▶ [RECORDED DATA]
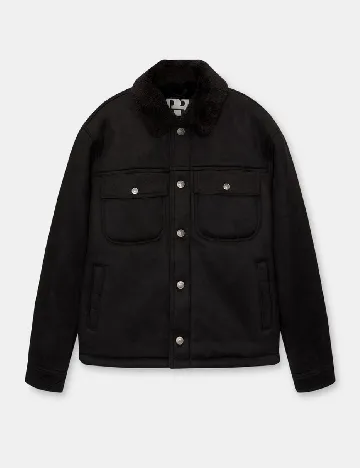 Jacheta Pull&Bear, negru Negru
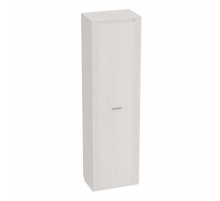 Одностворчатый шкаф с полками для гостиной Элана, цвет Бодега белая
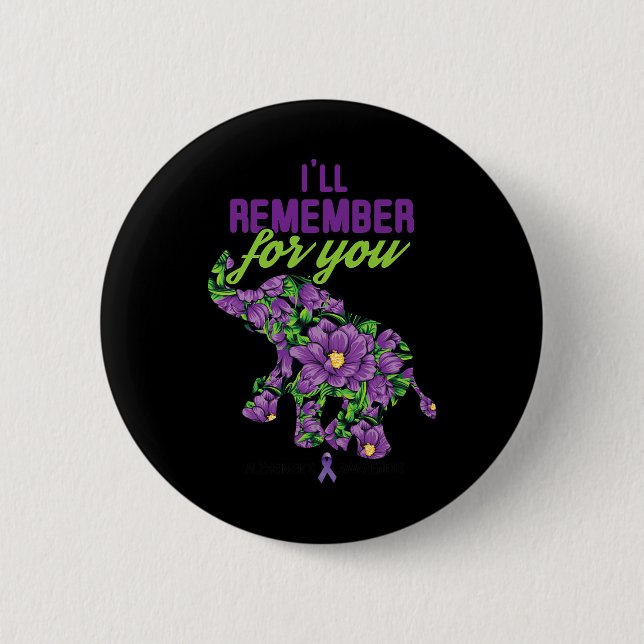 Badge Rond 5 Cm Ill Rappelez-Vous Alzheimer Alzheimers Awards (Devant)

▶ [WHAT THE EXERCISE ASKS]
Restate word for word the lines from the one containing "Одностворчатый шкаф с" through the end of the material above, both included, and nothing besides; drop the pictures.

▶ [ANSWER AREA]
 Одностворчатый шкаф с полками для гостиной Элана, цвет Бодега белая
 Badge Rond 5 Cm Ill Rappelez-Vous Alzheimer Alzheimers Awards (Devant)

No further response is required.